Monday, October 10, 2005

Confessions of a 'Rasslin Fan

I, Fredrick J. Batiste, of sound mind and body, confess to being a fan of professional wrestling AKA "'rasslin.'"

Now, let me clarify some things.

1. Wrestling is a sport. Wrestling is what Kurt Angle got his gold medal in the 1996 Olympics in, it's what the University of Iowa is best known for and it's one of Earth's oldest (and most basic/primal) sports.

2. " 'Rasslin'" is sports-based entertainment. It's what Mid-South Wrestling, Memphis Wrestling, Dallas-based World Class Championship Wrestling, Charlotte-based Mid Atlantic, the old NWA, the old AWA that used to come on ESPN when it showed sports used to be.
ECW was a 'rasslin' organization, although it had some violence in it. The upstart TNA promotion, now seen on Spike TV, is a blend of 'rasslin' and "sports entertainment."

3. Sports entertainment was the WWF and is the WWE nowadays. They're the ones that mass-marketed "Hulkamania" in the 80s, gave us Degeneration X and "suck it" in the 90s, "Austin 3:16," "Layeth the Smackethdown" and a bunch of other stuff.

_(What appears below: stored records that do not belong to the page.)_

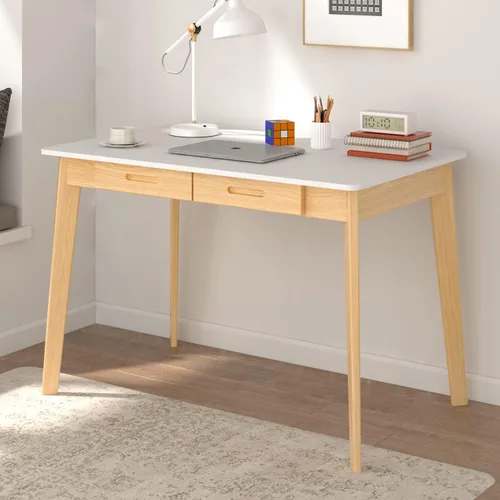 Miniatura 8 de ECACAD Escritorio para computadora con 2 cajones, escritorio de oficina en casa de 39 pulgadas, mesa de trabajo de estudio de escritura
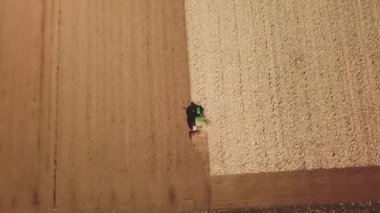 Traktör, Flevopolder Holland 'da, Aerial' da toprağı tozla kaplıyor.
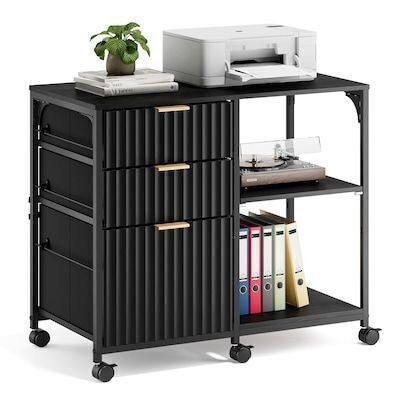 VINGLI 28W 3-Drawer Mobile File Cabinet Printer Stand with Open Storage Shelves Adjustable Fits Letter Size Black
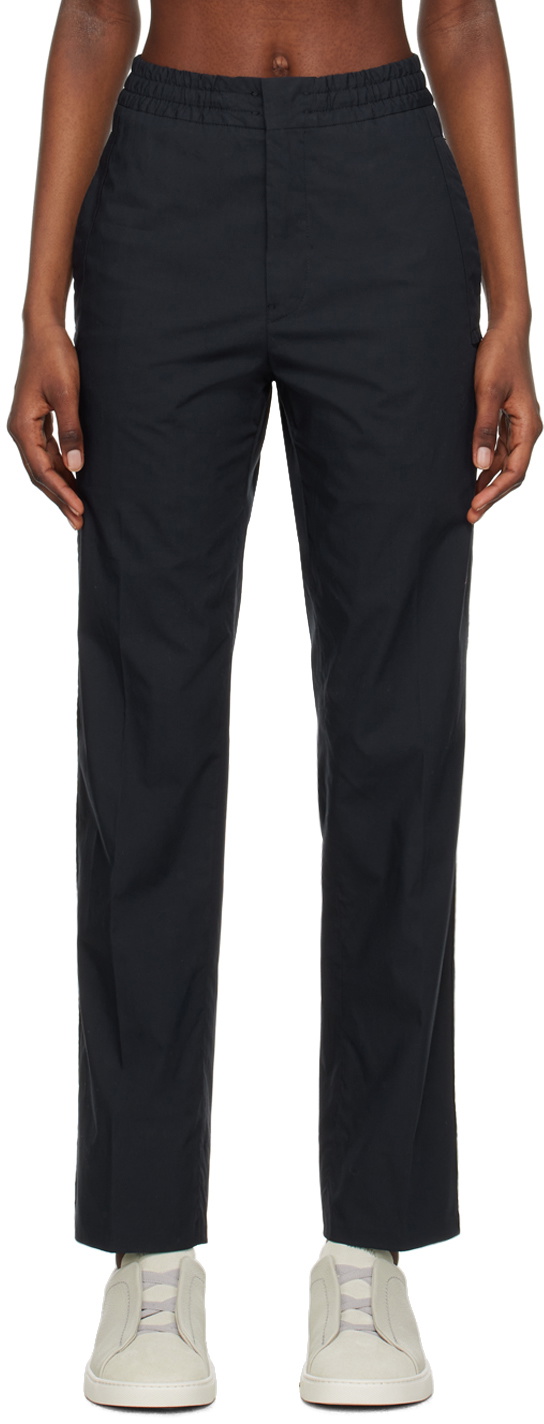 ZEGNA Navy Elasticized Trousers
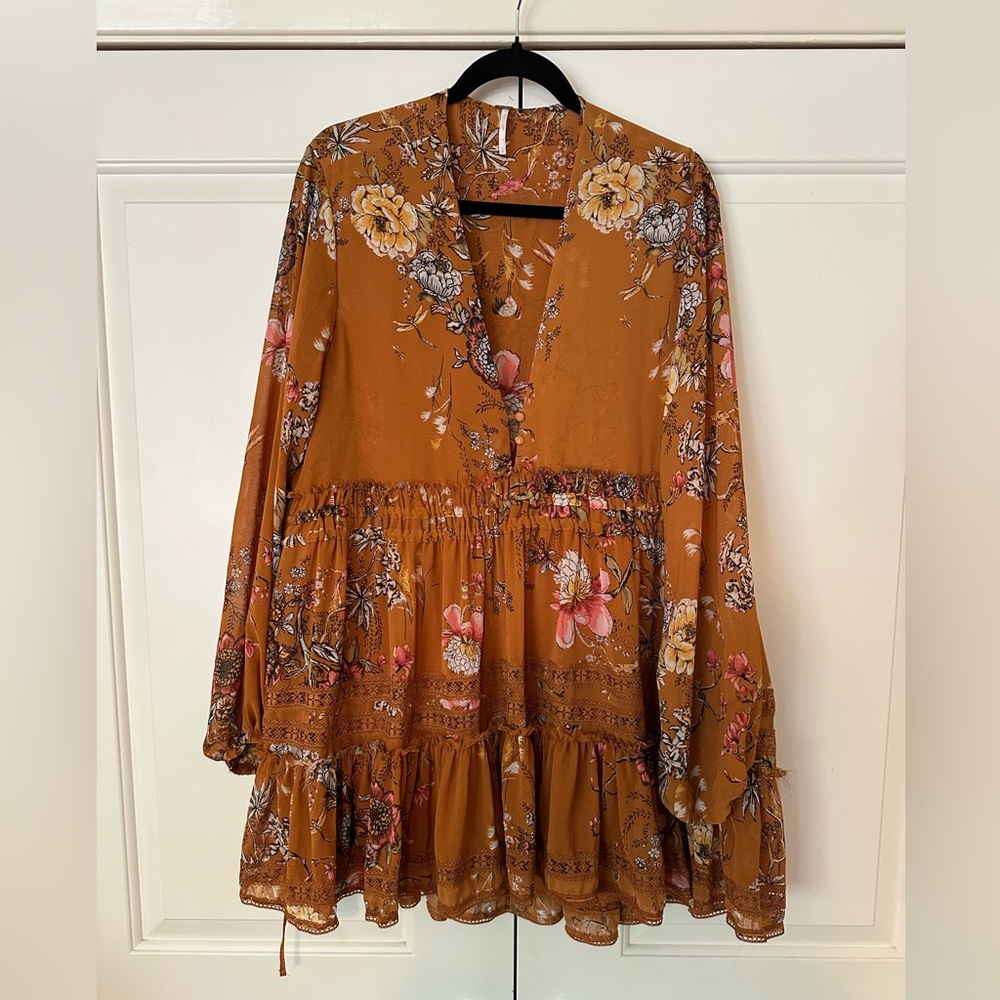 Free People Cherry Blossom Long Sleeve Mini Dress in Topaz Combo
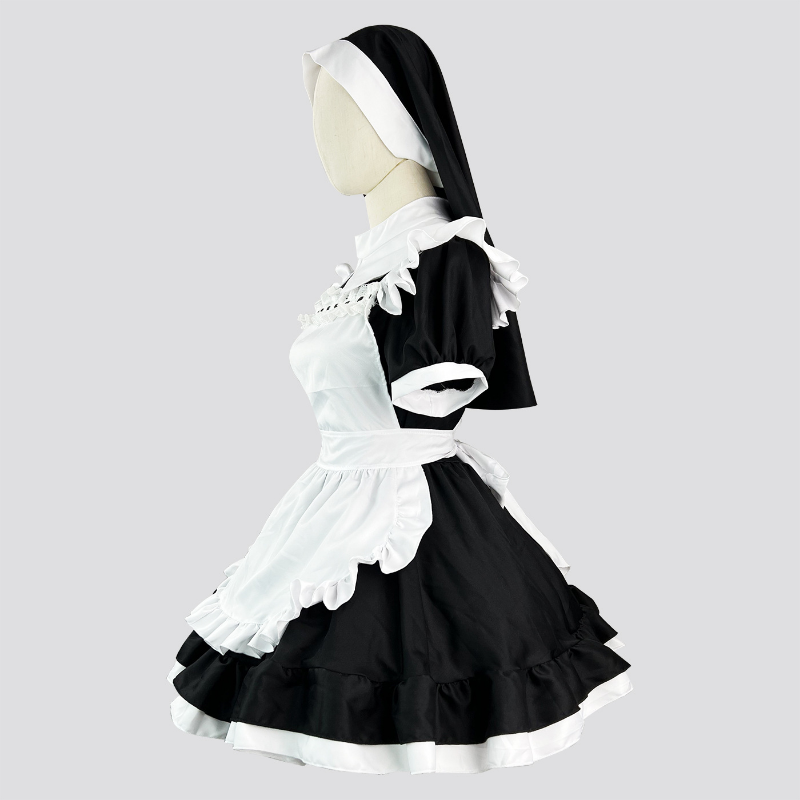Halloween Nun Girl Cosplay Maid Dress Women Plus Size Sweet Lolita Japanese Anime Role Play Party Black White Gothic Outfit 5XL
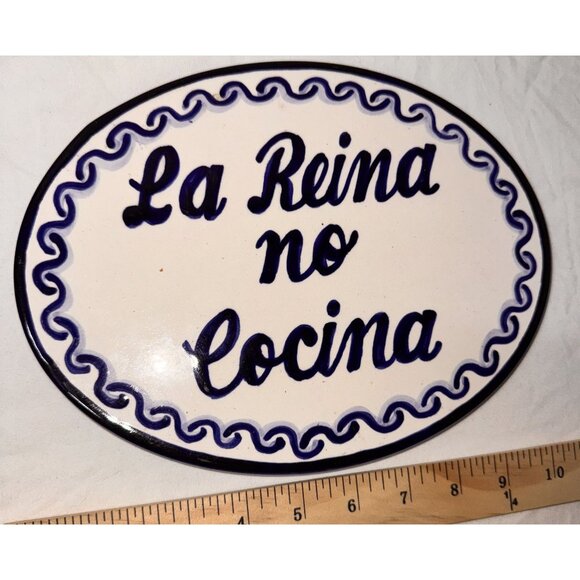 Ceramic Kitchen Oval Plaque Blue La Reina No Cocina the queen doesn't cook - Picture 4 of 5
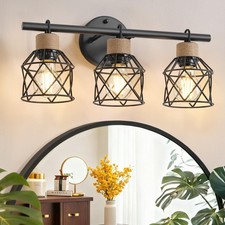 3-Light Farmhouse Bathroom Vanity Light Fixtures Over Mirror, Matte Black Vanity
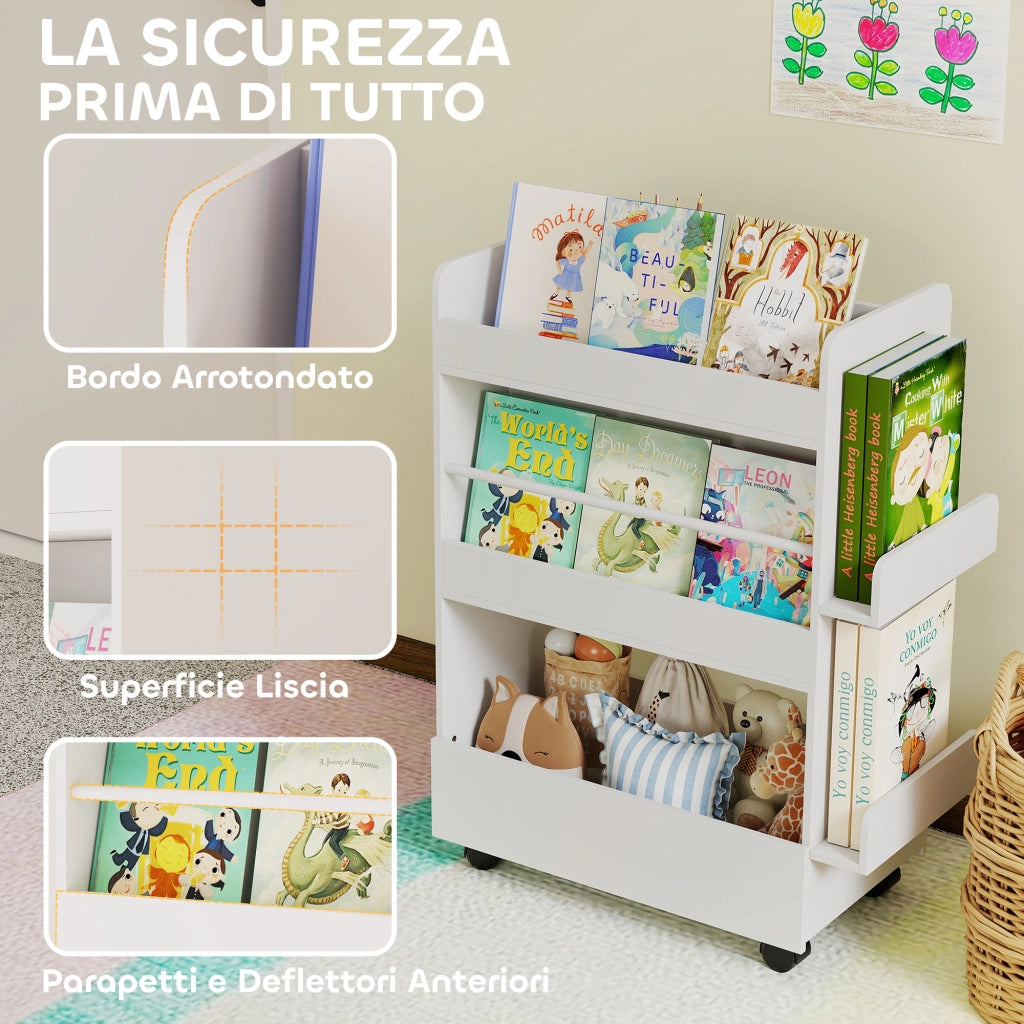 Libreria per Bambini con Ruote e Lavagna ¨C zephmum ¨C Bianco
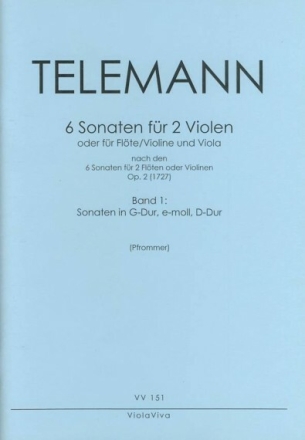 6 Sonaten op.2 Band 1 (Nr.1-3) f�r 2 Violen 2 Spielpartituren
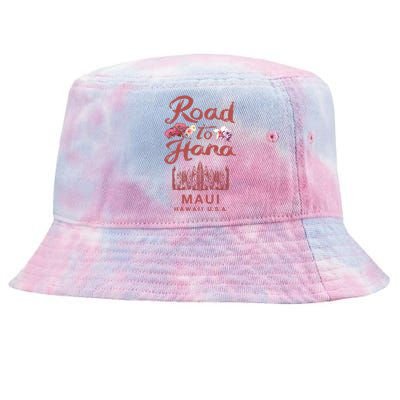 Maui Road To Hana Hawaii Retro Hawaiian Gift Tie-Dyed Bucket Hat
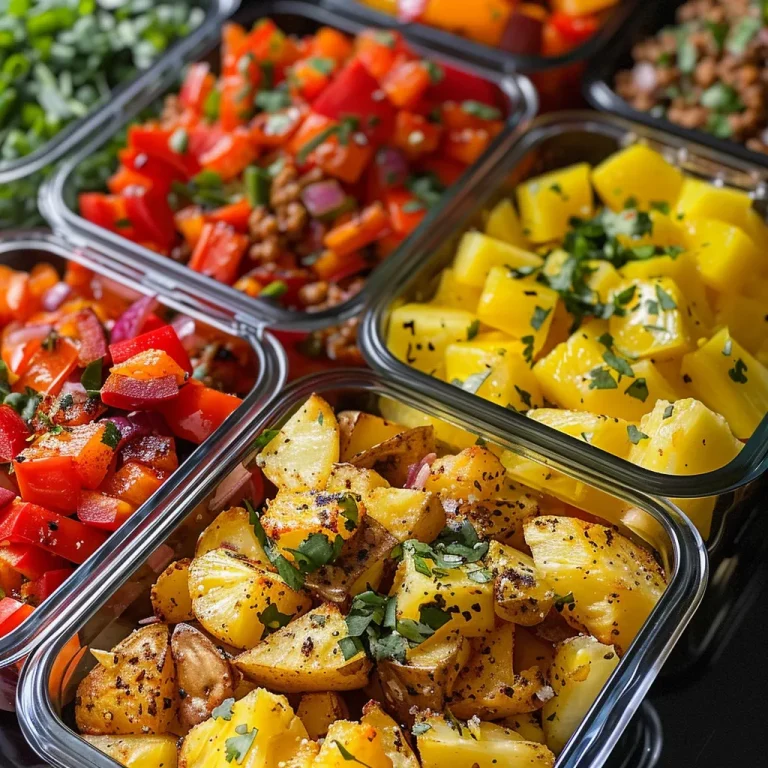 Rise and Shine: Wholesome Breakfast Meal Prep Bowls That Make Mornings a Breeze Close-up view of a breakfast meal prep bowl featuring colorful vegetables and chicken.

Now, I grew up during the 'rasslin era, in which pro wrestling was territory-based. Folks in the A would watch Georgia/World Championship Wrestling on TBS while Dallas folk watched Mid-South and folks in VA watched Mid-Atlantic.
Back in the 'rasslin days, the wrestlers weren't as ungodly athletic as they are now, but they wrestled for no less than 30 minutes and talked less than the monologues we're inundated with today on cable TV. Back in the 'rasslin days a DDT would end the match or a well-placed steel chair would end the match. Nowadyas that just buys a little time.

ECW (Extreme Championship Wrestling) reminded me of the old-school stuff, although they had tables, barbed wire and other stuff. But the matches were long with an old-school pace and mixed in the athleticism now seen today.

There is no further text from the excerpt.